■ **About this task**:
Produce an exact copy of the lines below, starting at the first and ending with the line containing "Used 2024 Toyota".

■ **Entries provided**:
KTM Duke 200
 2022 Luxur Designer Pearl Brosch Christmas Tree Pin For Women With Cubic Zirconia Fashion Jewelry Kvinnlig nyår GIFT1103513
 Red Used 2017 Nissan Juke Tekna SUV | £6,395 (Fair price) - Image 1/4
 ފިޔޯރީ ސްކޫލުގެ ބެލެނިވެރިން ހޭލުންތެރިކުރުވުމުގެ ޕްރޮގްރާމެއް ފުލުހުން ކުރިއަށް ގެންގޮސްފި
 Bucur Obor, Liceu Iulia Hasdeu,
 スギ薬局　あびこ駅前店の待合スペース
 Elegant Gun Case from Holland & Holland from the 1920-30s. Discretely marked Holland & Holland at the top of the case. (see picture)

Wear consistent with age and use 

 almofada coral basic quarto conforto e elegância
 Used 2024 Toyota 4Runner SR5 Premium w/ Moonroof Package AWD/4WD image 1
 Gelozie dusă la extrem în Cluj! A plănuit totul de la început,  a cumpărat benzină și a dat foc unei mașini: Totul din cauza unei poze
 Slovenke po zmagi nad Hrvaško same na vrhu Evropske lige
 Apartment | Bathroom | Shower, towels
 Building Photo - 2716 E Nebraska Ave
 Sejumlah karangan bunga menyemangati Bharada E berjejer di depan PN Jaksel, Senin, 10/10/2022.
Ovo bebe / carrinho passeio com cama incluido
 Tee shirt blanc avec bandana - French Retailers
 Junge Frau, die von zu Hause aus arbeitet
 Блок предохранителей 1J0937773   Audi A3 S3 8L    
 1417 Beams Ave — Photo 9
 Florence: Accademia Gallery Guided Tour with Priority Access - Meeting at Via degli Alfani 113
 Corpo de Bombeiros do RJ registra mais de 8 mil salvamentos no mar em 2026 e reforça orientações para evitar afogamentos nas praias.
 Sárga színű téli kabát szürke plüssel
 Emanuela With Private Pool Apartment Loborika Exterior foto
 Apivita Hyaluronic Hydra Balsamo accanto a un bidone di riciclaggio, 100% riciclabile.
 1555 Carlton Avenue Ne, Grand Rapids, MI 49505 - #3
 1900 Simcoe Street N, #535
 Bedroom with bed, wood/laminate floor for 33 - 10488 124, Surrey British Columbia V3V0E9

■ **Solution for this problem**:
KTM Duke 200
 2022 Luxur Designer Pearl Brosch Christmas Tree Pin For Women With Cubic Zirconia Fashion Jewelry Kvinnlig nyår GIFT1103513
 Red Used 2017 Nissan Juke Tekna SUV | £6,395 (Fair price) - Image 1/4
 ފިޔޯރީ ސްކޫލުގެ ބެލެނިވެރިން ހޭލުންތެރިކުރުވުމުގެ ޕްރޮގްރާމެއް ފުލުހުން ކުރިއަށް ގެންގޮސްފި
 Bucur Obor, Liceu Iulia Hasdeu,
 スギ薬局　あびこ駅前店の待合スペース
 Elegant Gun Case from Holland & Holland from the 1920-30s. Discretely marked Holland & Holland at the top of the case. (see picture)

Wear consistent with age and use 

 almofada coral basic quarto conforto e elegância
 Used 2024 Toyota 4Runner SR5 Premium w/ Moonroof Package AWD/4WD image 1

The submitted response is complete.